Five Point Deliverance, Part 2
On this episode, we’re finishing up a conversation we started last week regarding the Five Point Deliverance. Now last week, as I mentioned, this document was written up in the 1910’s and it was used to try to stem the tide of liberalism in the churches. We looked at the first point last week—the point of inerrancy. And we're going to look at the next four.
So the second point is the virgin birth of Christ. Now this was presented because the liberals were seeing this as a way to question the deity of Christ. They challenged the idea that Jesus was born of a virgin. They said, “Look, as you look across religions, Buddhism speaks of the Buddha having a unique birth. And in Islam Mohammad is spoken of having a unique birth. And so it is with the followers of Christianity. They spoke of Jesus’ birth as unique and special but we should not take this literally and we can't get hung up on it. What the denial of the virgin birth served to do is not only undermine Scripture, but it was also a gateway into denying the deity of Christ. He was seen simply as another human being. Just as a man. Not as historic, orthodox Christianity has it—the God-man who is fully God and fully human in one person. So we have the second point, the virgin birth.

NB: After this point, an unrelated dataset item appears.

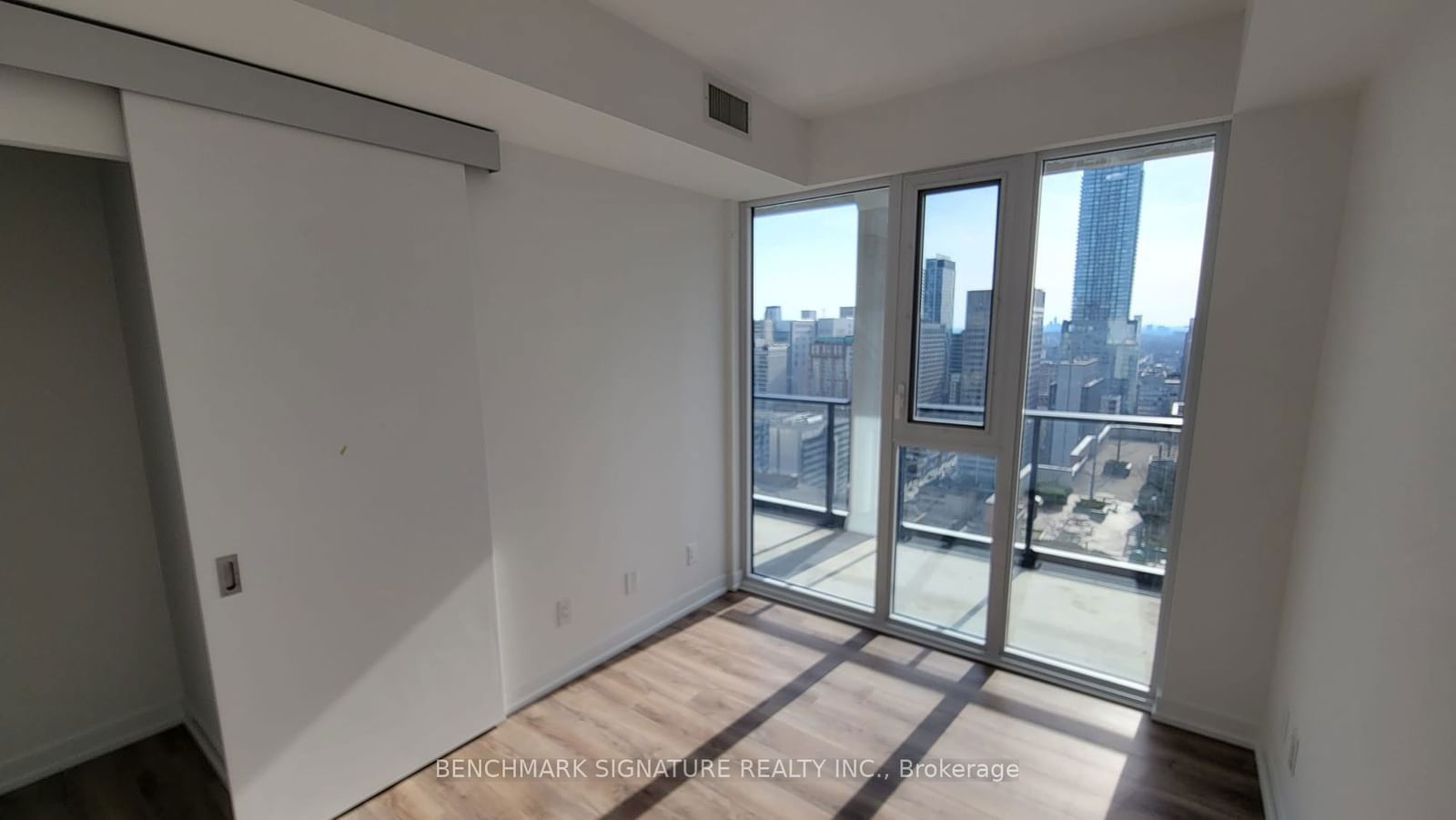 20 Edward St, unit 2510 for rent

The third point moves from the person of Christ to the work of Christ, and addresses His death. The third point is the substitutionary atonement. Now what the liberals were promoting in place of this is what we call the “example theory.” Now we understand the substitutionary atonement: God is a holy God, we are a sinful people. There’s nothing we can do about it. We are deserving of His wrath and because of our sin we are under God’s wrath. We need a substitute; we need the God-man. In Christ’s humanity He identifies with us the offending party, and in His deity He makes the acceptable sacrifice to satisfy divine justice and divine wrath. And so we must have Christ as our substitute, it is our only hope.
The liberals thought a little differently. They didn’t think we were necessarily sinful people; we were basically good people. And we are simply good people who need to be better and that’s what church does for us. It helps good people become better. And so Jesus’ death is nothing more than an example. It goes something like this: When Jesus died, He did the selfless thing, and in doing the selfless thing He put a smile on God’s face. Well, you’re going to have opportunities this week to be selfless, or are you going to be selfish? Follow the example of Jesus and put a smile on God’s face by being selfless. That’s the example theory. Bound up within the example theory is not just a view of Christ’s death, it’s a view of humanity and sin, and it’s also a view of God. This is a very crucial piece—substitutionary atonement.
The fourth point is the literal second coming. Now, this was denied because the understanding in its place was that there’s not a literal second coming. That Jesus already did come. He came the first time and as He says in the gospels, “the Kingdom of God is in your midst.” This was coupled with, and this was happening right at the same time as liberalism is happening in the American church, the rise of the social-gospel movement. And what the kingdom of God is, according to liberalism, is social betterment. If we eradicate famine, and we eradicate poverty, and we bring social justice, that’s the kingdom and that’s what we should strive for. There is no future, literal, second coming of Christ. And to counter that, the Five Point Deliverance declares a second coming of Christ, which orthodox Christianity has declared and in fact, there it is in the words of the Apostle’s Creed.
Well, the fifth one is that Christ performed miracles; that miracles happened and that they are true. This was just simply unacceptable to the modern mind. And so the liberal, taking their queue from modernism and the sensibilities of the age, rejected miracles as true recordings.